Gli eventi che portarono alla caduta del regime socialista in Cecoslovacchia partirono nel gennaio ’89, quando furono represse dalla polizia le commemorazioni del sacrificio di Jan Palach. Le proteste proseguirono per tutto l’anno ed ebbero l’apice il 17 novembre, quando il corteo in memoria degli studenti cechi uccisi durante l’occupazione nazista fu caricato dalla polizia sul Corso nazionale a Praga. Pochi giorni dopo si formò la piattaforma Forum civico, che concordò con il Partito Comunista il passaggio di potere. Il 29 dicembre l’allora parlamento comunista elesse presidente della repubblica Václav Havel. Le prime elezioni plurali furono convocate per giugno 1990.

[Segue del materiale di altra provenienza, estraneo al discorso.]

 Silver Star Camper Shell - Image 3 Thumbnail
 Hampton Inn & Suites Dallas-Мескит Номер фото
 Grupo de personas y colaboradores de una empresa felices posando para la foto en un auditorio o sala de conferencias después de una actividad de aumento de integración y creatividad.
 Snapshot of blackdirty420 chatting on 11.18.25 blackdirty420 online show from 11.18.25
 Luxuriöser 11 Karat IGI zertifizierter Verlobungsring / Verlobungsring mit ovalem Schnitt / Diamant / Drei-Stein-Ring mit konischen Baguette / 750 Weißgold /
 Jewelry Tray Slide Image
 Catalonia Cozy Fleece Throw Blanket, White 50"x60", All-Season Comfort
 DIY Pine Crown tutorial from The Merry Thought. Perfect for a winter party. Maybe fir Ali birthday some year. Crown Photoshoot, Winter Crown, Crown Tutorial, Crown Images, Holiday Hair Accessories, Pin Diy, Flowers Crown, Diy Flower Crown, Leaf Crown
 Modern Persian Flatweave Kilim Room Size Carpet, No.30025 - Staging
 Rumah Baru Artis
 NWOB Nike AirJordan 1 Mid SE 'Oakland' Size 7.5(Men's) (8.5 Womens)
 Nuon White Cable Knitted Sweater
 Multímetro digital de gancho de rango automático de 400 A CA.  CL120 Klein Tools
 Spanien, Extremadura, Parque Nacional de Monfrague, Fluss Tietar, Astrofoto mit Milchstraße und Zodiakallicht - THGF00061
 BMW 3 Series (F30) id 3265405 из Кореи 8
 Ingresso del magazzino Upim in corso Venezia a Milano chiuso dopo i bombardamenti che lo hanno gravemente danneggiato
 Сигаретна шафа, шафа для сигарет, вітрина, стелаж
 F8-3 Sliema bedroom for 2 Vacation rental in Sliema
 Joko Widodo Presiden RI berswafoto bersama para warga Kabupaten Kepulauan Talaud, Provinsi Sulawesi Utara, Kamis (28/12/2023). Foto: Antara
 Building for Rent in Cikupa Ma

Un altro miglio importante fu la liberalizzazione dei prezzi e del commercio avvenuta nel 1991 e la privatizzazione delle aziende statali nel 1992. Contestualmente fu approvata la legge sulla restituzioni, grazie cui rientrarono in possesso dei loro beni le famiglie aristocratiche e borghesi oltreché la chiesa. Con il ritorno al sistema politico plurale furono ripetuti gli scontri sull’assetto istituzionale del paese. L’incomunicabilità tra i politici cechi e quelli slovacchi sfociò nel 1992 nella decisione di sciogliere la federazione.